I've heard similar rumours to the Gerrard one in the past involving Gazza, Kevin Keegan, Gary Lineker - once a footballer reaches a certain level in the game, it would seem that's when they become acceptably famous and powerful enough to be the target of it. Perhaps there's something in the myth, in the story itself, that can only be effective if it's about a player right at the top of their game; we as listeners to the tale get some pleasure out of knowing that for all their money and for all their abilities and fame, they're powerless to control their baser urges, and they've been caught out because of it. It's the same reason why people love reading the tabs about the sex lives of the rich and famous. There's a schadenfreude about it, a delight in other people's mistakes, the more famous the better. Sometimes it's true, as with Tiger Woods, sometimes it's false. It's a little bit seedy, whatever way you look at it, but I suppose it seems to fulfil a need somewhere deep in the brain.

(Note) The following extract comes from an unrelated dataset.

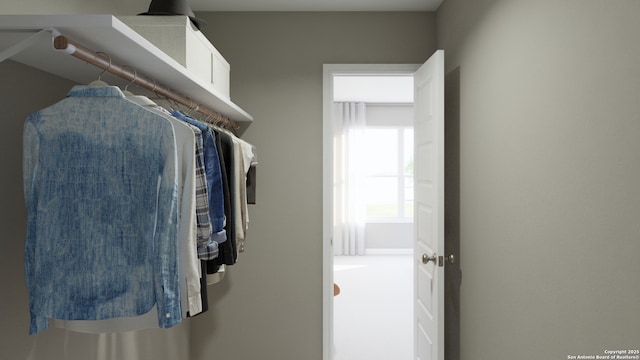 spacious closet featuring carpet flooring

Perhaps the worst thing Gerrard could do now would be to come out and deny it - then people will really think there's something in it. In the absence of a denial that would probably just fuel the fire and make things worse anyway, there's not a lot that can be done to quench it. But if and when he does leave Merseyside, a lot of people will sagely nod their heads and say: Ah yes, it must have been that.
We'll forget about this. And then, in a few weeks' or a few months' time, there'll be a new one, a new target, a new tale about a top-flight footballer, or an updated version of an old story. Maybe it'll be true, maybe it won't. I don't think it matters whether it is or not. I guess that's why tabloids and internet rumours alike generate so much interest.
PS Dear lovely readers, please don't post details of that rumour, or any others identifying anyone, in the comments. I'll have to delete them. Cheers.